Top of ENTRIES SHOWN

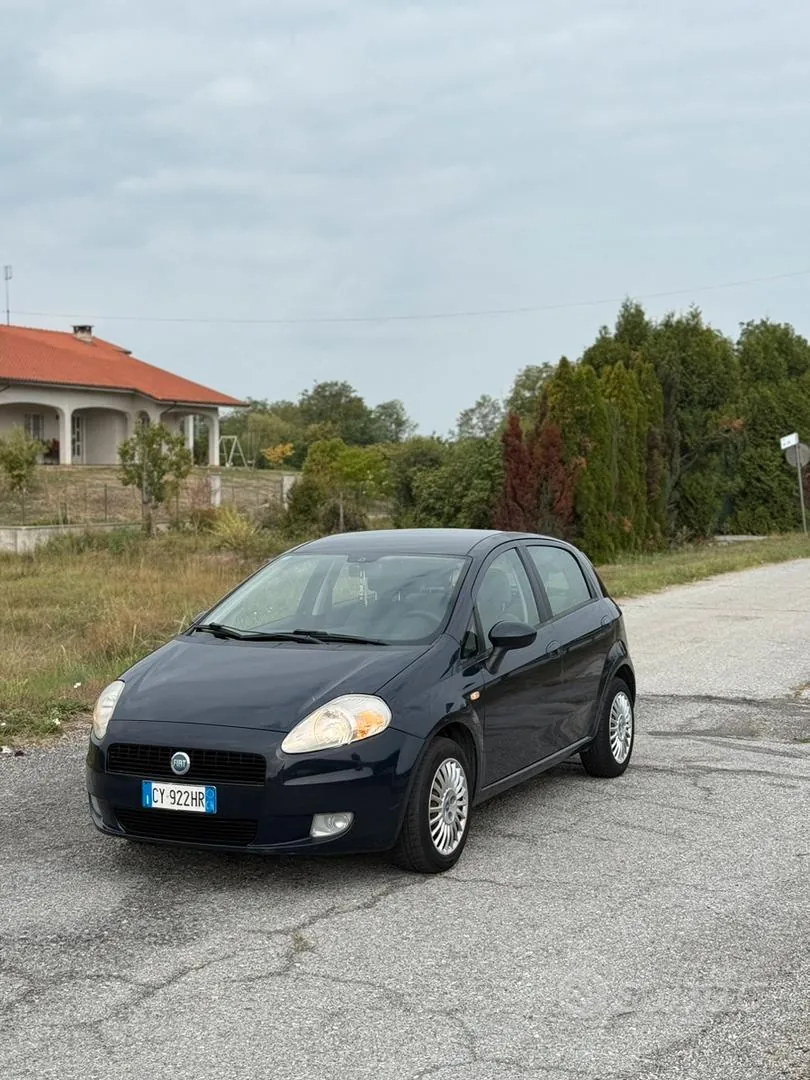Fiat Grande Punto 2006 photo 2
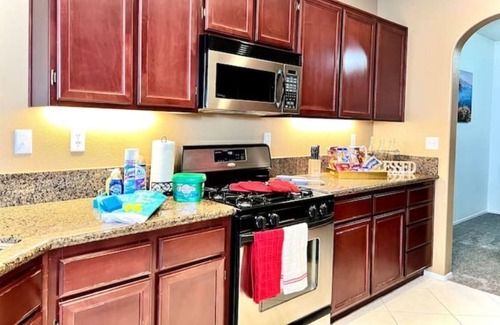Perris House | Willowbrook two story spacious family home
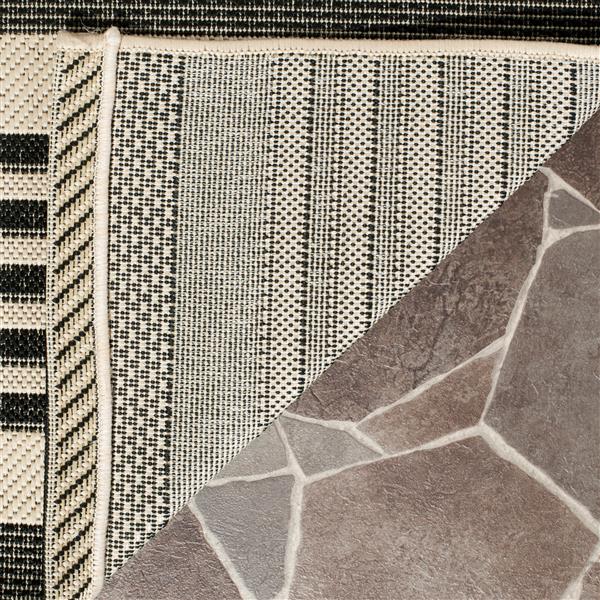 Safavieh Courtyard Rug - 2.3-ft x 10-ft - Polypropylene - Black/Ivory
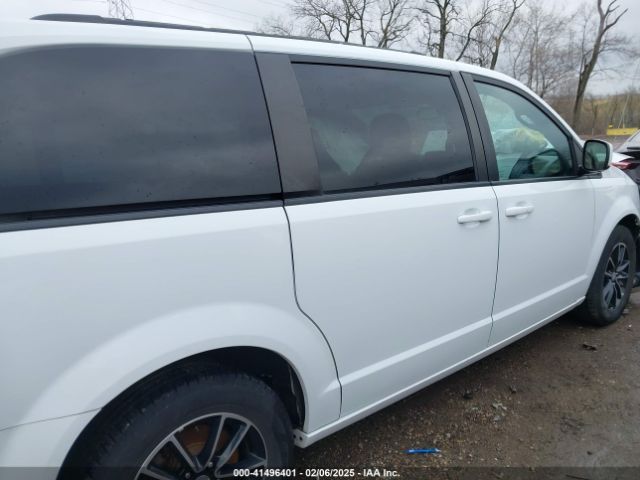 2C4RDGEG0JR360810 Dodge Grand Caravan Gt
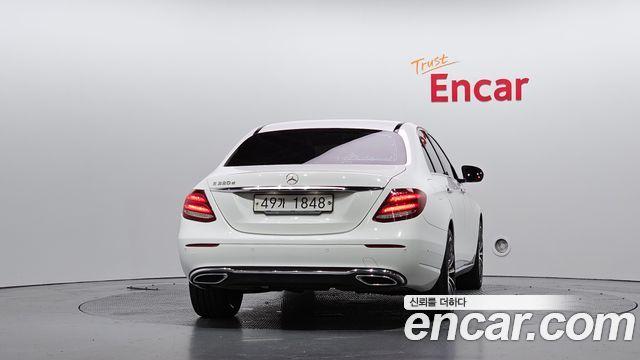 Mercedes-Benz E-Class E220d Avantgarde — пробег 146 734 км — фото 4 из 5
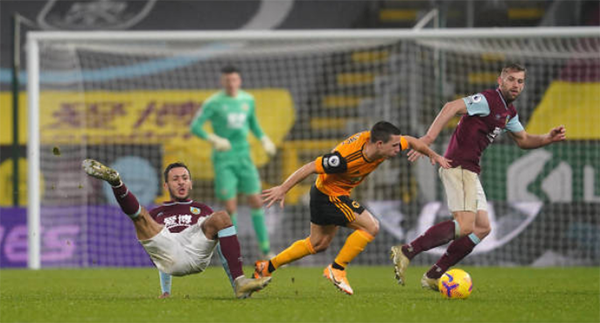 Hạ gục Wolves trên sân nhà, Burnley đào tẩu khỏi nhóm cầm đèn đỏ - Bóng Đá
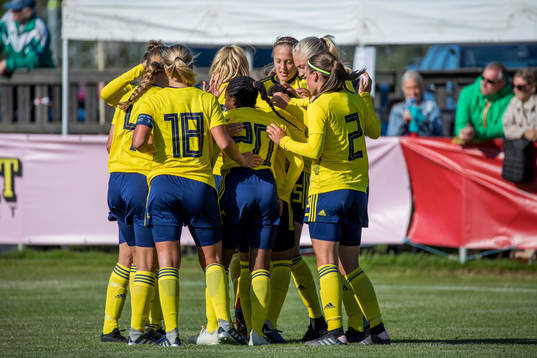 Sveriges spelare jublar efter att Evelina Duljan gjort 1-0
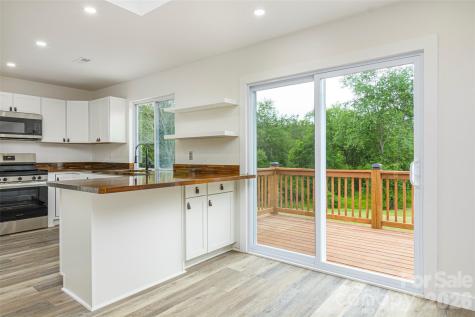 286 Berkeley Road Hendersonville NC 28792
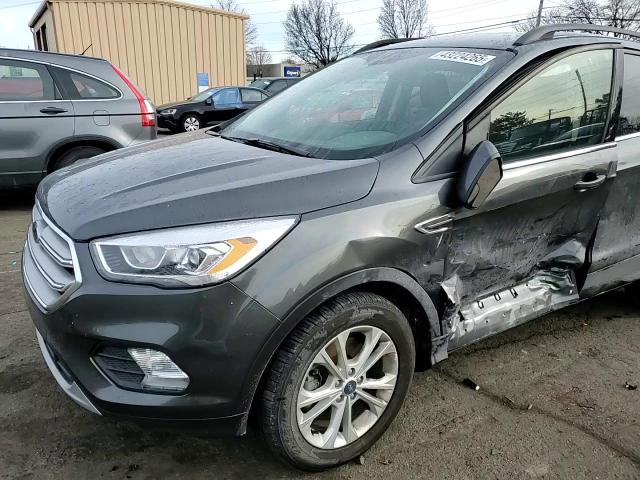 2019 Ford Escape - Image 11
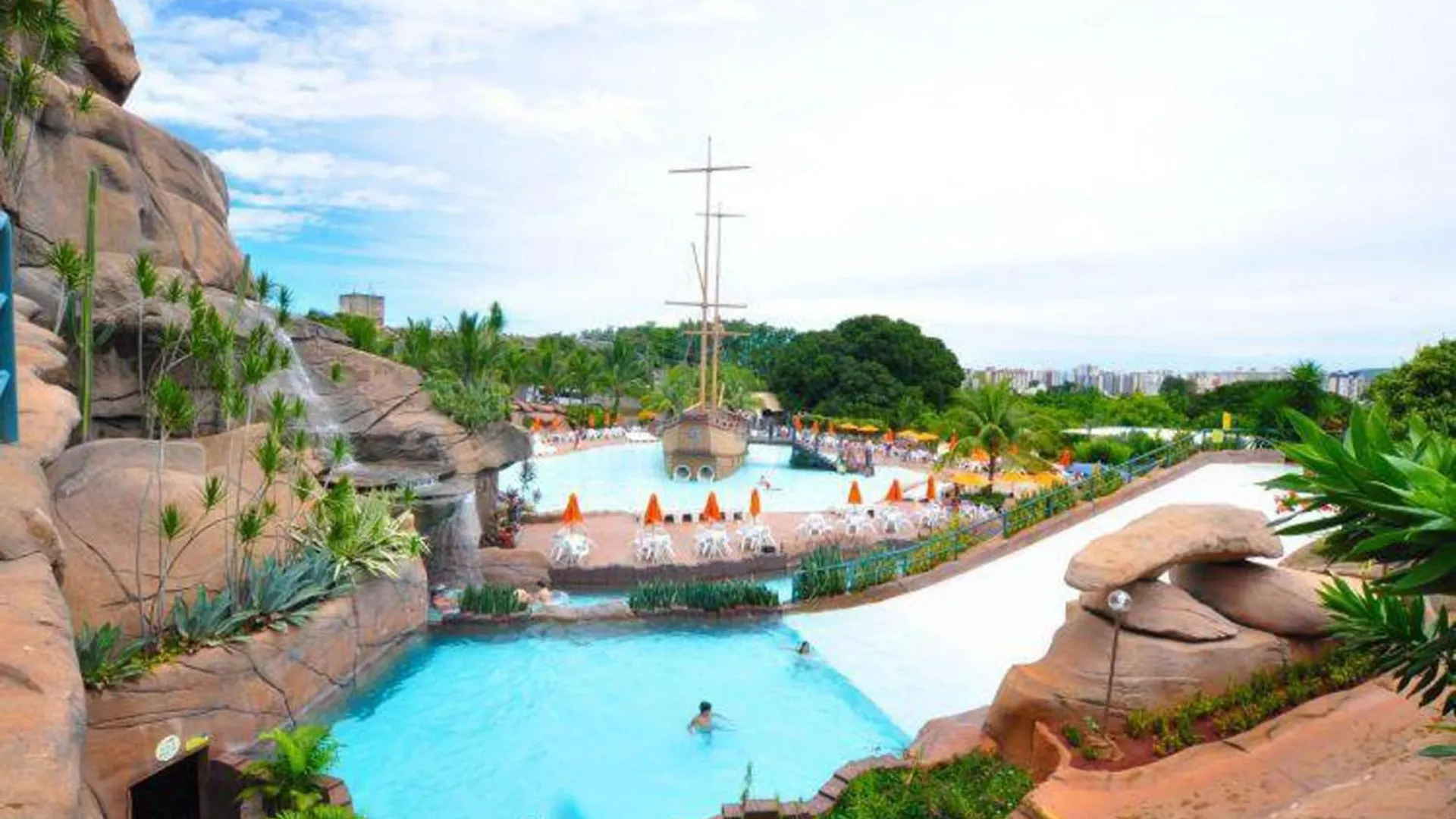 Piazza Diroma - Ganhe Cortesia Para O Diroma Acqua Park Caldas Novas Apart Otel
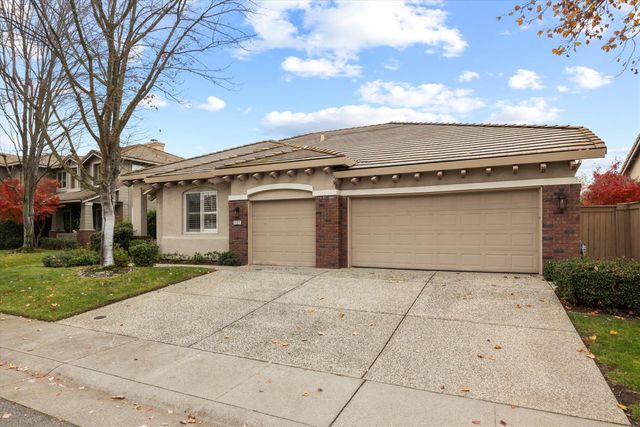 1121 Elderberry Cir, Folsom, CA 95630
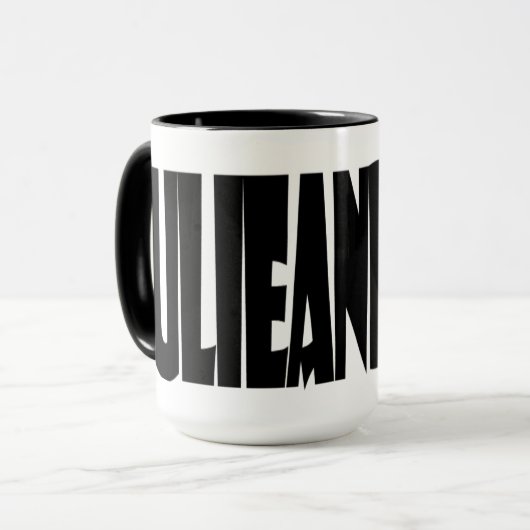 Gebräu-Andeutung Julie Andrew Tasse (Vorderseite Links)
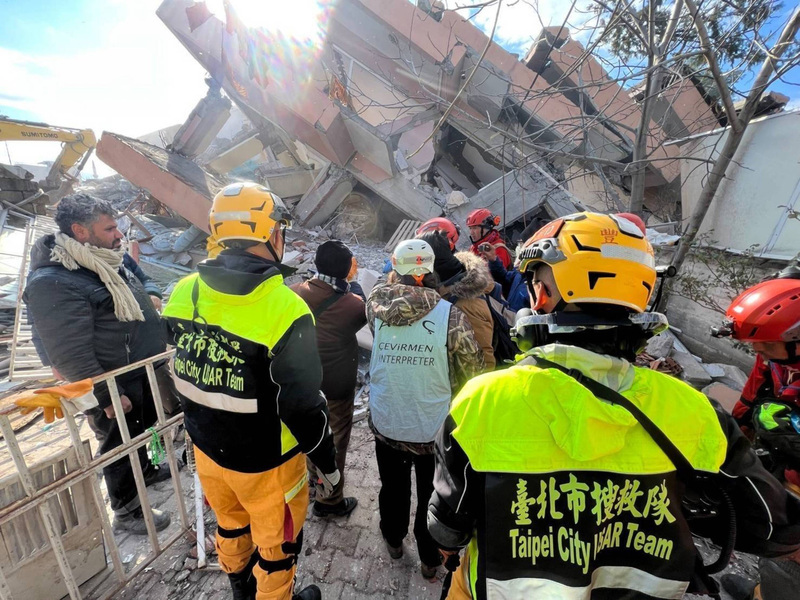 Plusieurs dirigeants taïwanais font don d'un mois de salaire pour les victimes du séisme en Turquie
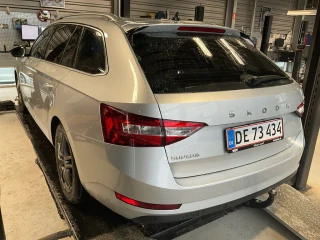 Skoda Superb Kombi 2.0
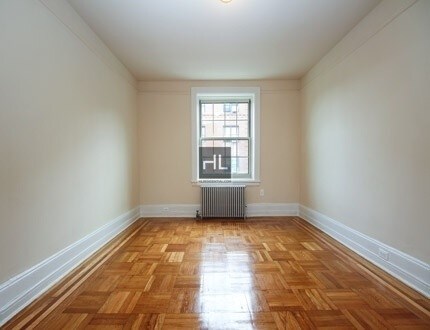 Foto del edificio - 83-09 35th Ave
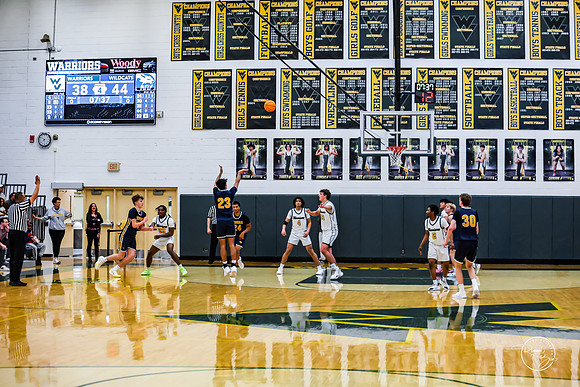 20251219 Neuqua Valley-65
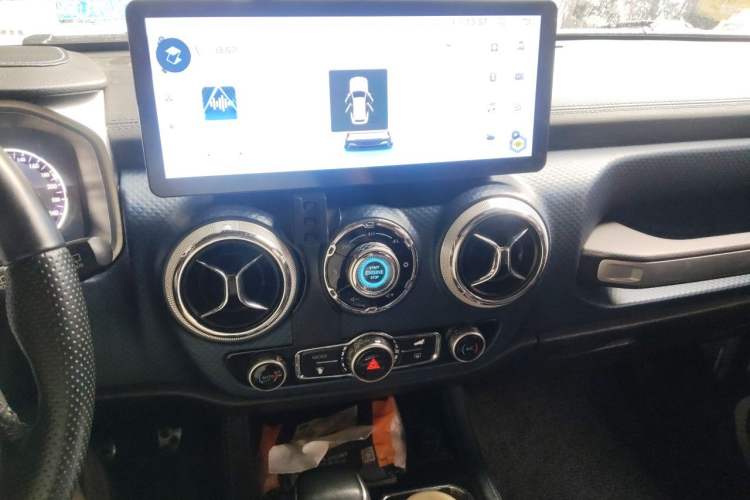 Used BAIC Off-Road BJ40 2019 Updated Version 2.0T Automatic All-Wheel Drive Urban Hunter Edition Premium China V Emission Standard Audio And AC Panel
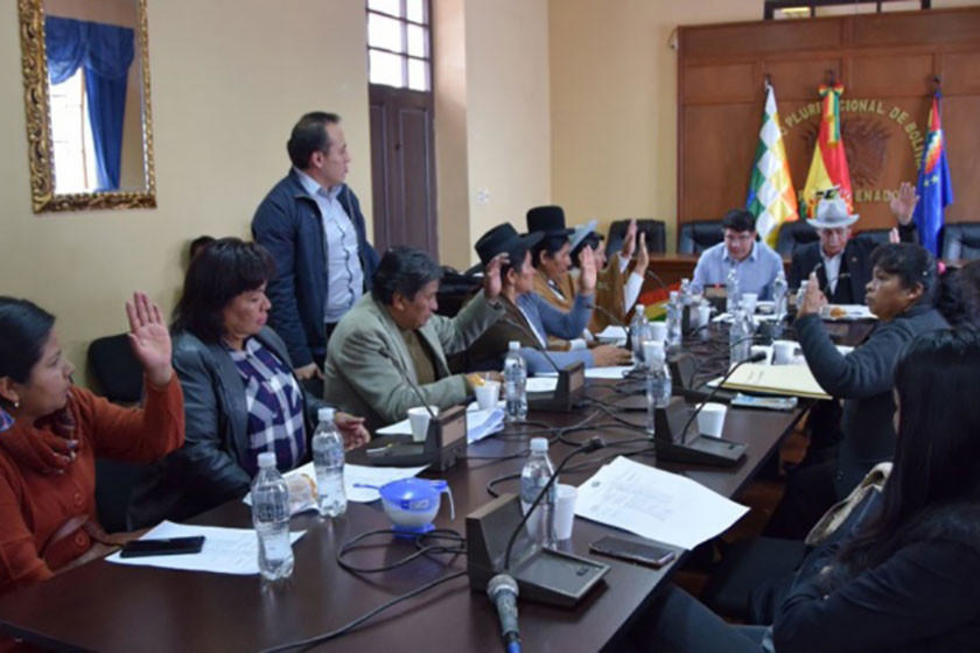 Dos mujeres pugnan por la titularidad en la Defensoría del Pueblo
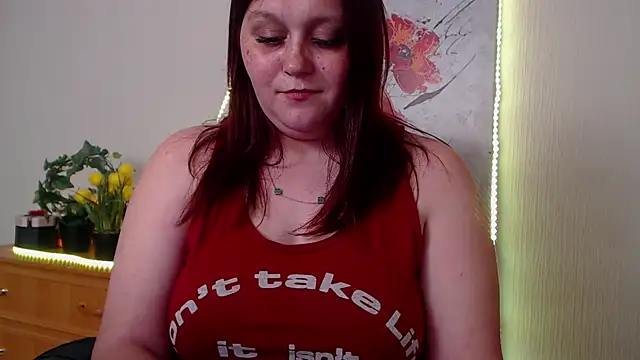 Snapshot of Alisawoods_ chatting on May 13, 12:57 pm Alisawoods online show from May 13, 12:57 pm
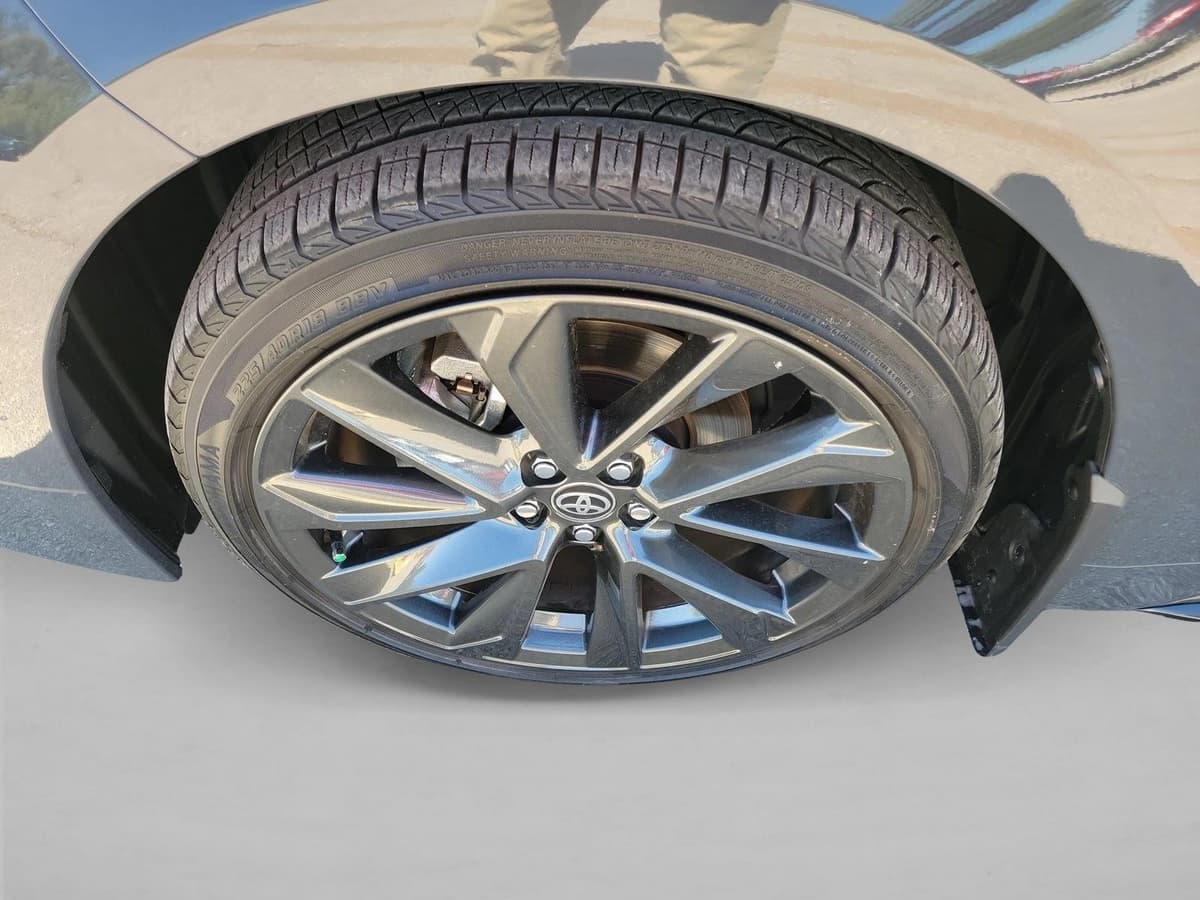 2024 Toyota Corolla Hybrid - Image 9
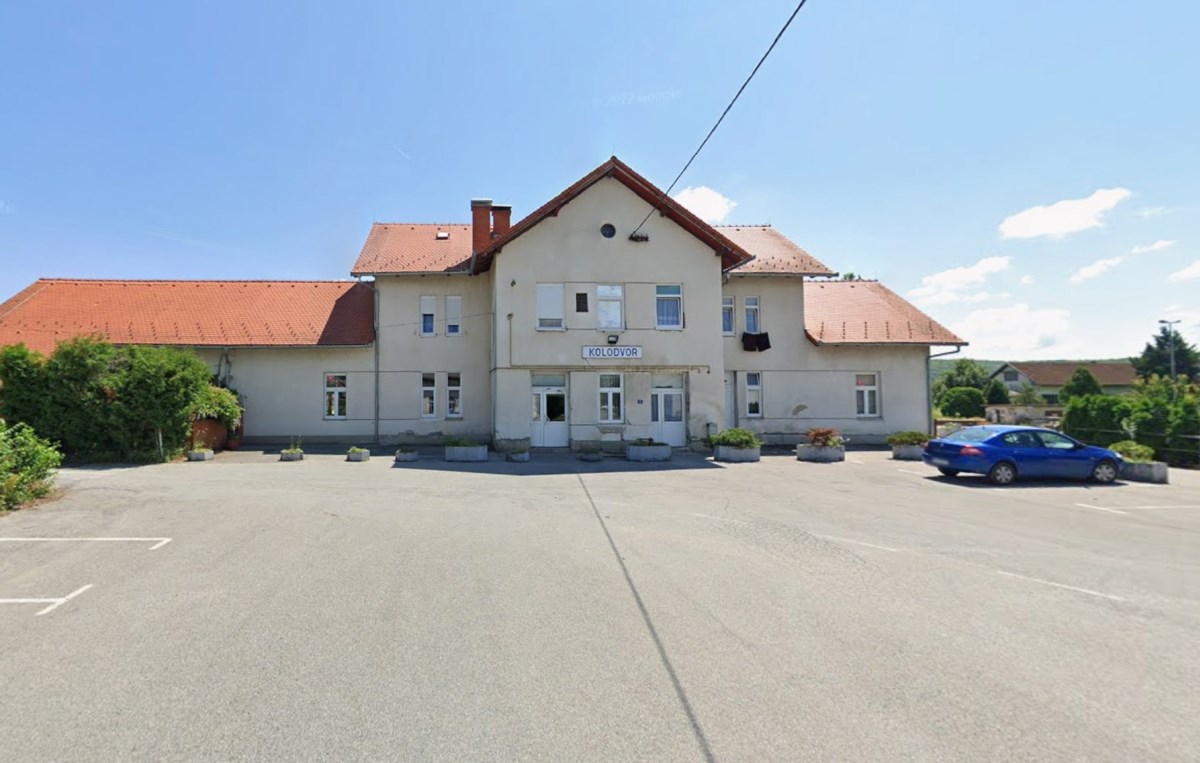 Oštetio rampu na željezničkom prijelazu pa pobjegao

Bottom of ENTRIES SHOWN

From the first record above to the last, output each one exactly and omit the pictures.

Fiat Grande Punto 2006 photo 2
Perris House | Willowbrook two story spacious family home
 Safavieh Courtyard Rug - 2.3-ft x 10-ft - Polypropylene - Black/Ivory
 2C4RDGEG0JR360810 Dodge Grand Caravan Gt
 Mercedes-Benz E-Class E220d Avantgarde — пробег 146 734 км — фото 4 из 5
 Hạ gục Wolves trên sân nhà, Burnley đào tẩu khỏi nhóm cầm đèn đỏ - Bóng Đá
 Sveriges spelare jublar efter att Evelina Duljan gjort 1-0
 286 Berkeley Road Hendersonville NC 28792
 2019 Ford Escape - Image 11
 Piazza Diroma - Ganhe Cortesia Para O Diroma Acqua Park Caldas Novas Apart Otel
 1121 Elderberry Cir, Folsom, CA 95630
 Gebräu-Andeutung Julie Andrew Tasse (Vorderseite Links)
 Plusieurs dirigeants taïwanais font don d'un mois de salaire pour les victimes du séisme en Turquie
 Skoda Superb Kombi 2.0
 Foto del edificio - 83-09 35th Ave
 20251219 Neuqua Valley-65
 Used BAIC Off-Road BJ40 2019 Updated Version 2.0T Automatic All-Wheel Drive Urban Hunter Edition Premium China V Emission Standard Audio And AC Panel
 Dos mujeres pugnan por la titularidad en la Defensoría del Pueblo
 Snapshot of Alisawoods_ chatting on May 13, 12:57 pm Alisawoods online show from May 13, 12:57 pm
 2024 Toyota Corolla Hybrid - Image 9
 Oštetio rampu na željezničkom prijelazu pa pobjegao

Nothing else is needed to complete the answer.